I spun my wheels for a couple of days until I finally met Corsetti again, this time in Grand Central Station.
"Why here?" I said as we sat together on a bench in the vast vaulted waiting room. Each of us had coffee in a plastic cup.
"I like it here," Corsetti said. "I come here when I get a chance."
The light was streaming in from the high windows. The room was busy with people. It was New York from another time, lingering into the twenty-first century. Corsetti handed me a big manila envelope.
"Here's your list back," Corsetti said. "I made some notes. You can go over it later."
"Anything good?" I said
"I only got one guy," Corsetti said. "Lionel Farnsworth."
"What'd he do?" I said.
"LF Real Estate Consortium," Corsetti said. "Bought a bunch of slab two-bedroom ranches in North Jersey. Foreclosure junk. And resold them for a lot more to yuppies in Manhattan with the promise of high rental income and positive cash flow. He took a packaging fee on the deal and arranged the financing, for which he got a finder's fee from the bank."
"And?"
"Some of the property was condemned. Most of the houses needed rehab. Residents couldn't pay the rent. And the yuppies were left holding a bagful of garbage."

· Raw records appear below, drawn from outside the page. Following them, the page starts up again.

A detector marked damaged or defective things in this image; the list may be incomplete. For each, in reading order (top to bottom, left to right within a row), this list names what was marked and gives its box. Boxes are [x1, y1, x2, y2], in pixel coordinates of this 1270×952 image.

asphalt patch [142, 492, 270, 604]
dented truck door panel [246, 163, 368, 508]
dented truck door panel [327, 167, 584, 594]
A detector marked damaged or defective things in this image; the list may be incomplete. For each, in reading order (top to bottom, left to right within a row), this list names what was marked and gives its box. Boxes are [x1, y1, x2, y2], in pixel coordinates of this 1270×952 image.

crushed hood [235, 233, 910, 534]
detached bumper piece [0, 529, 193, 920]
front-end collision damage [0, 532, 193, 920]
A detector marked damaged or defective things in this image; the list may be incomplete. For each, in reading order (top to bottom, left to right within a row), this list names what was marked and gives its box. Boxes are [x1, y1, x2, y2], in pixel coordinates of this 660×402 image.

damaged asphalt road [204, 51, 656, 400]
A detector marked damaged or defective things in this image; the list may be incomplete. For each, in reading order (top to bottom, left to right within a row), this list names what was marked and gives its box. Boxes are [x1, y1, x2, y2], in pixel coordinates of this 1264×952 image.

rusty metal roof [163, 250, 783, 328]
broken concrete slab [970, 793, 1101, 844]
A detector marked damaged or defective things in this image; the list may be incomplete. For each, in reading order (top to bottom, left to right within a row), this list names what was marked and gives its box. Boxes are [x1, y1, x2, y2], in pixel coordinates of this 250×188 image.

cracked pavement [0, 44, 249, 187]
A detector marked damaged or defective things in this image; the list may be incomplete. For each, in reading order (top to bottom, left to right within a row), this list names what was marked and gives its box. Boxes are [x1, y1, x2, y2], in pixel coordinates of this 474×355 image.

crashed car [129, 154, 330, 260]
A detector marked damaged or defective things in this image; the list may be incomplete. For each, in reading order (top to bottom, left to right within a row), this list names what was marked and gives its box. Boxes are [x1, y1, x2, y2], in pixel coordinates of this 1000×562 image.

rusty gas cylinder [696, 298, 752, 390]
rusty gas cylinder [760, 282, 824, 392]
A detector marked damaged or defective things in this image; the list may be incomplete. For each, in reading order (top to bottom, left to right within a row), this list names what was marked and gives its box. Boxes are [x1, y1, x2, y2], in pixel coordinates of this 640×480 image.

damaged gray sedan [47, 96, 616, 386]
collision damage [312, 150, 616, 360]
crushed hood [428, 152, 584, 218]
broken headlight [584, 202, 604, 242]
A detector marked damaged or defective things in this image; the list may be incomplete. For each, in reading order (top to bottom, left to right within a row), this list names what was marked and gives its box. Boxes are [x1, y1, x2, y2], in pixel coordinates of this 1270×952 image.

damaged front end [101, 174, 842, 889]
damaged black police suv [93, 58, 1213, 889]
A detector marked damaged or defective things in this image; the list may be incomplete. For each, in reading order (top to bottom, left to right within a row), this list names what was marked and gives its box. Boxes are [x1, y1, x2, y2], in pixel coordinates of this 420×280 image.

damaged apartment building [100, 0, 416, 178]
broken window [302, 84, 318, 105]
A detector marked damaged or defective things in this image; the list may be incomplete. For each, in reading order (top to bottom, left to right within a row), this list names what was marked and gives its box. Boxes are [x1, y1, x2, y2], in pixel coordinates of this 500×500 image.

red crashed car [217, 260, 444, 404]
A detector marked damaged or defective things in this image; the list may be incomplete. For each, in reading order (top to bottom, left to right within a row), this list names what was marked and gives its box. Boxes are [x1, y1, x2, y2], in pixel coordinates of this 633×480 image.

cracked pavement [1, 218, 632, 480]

"And one of them got a lawyer," I said.
"They got together and got one," Corsetti said. "And he went to the Manhattan DA. And Manhattan talked to our cousins in Jersey."
"And?"
"Because the crime was interstate, Jersey and New York, the Feds got involved. There were some really swell turf battles, but eventually Lionel did two years in Allenwood, for some sort of interstate conspiracy to defraud."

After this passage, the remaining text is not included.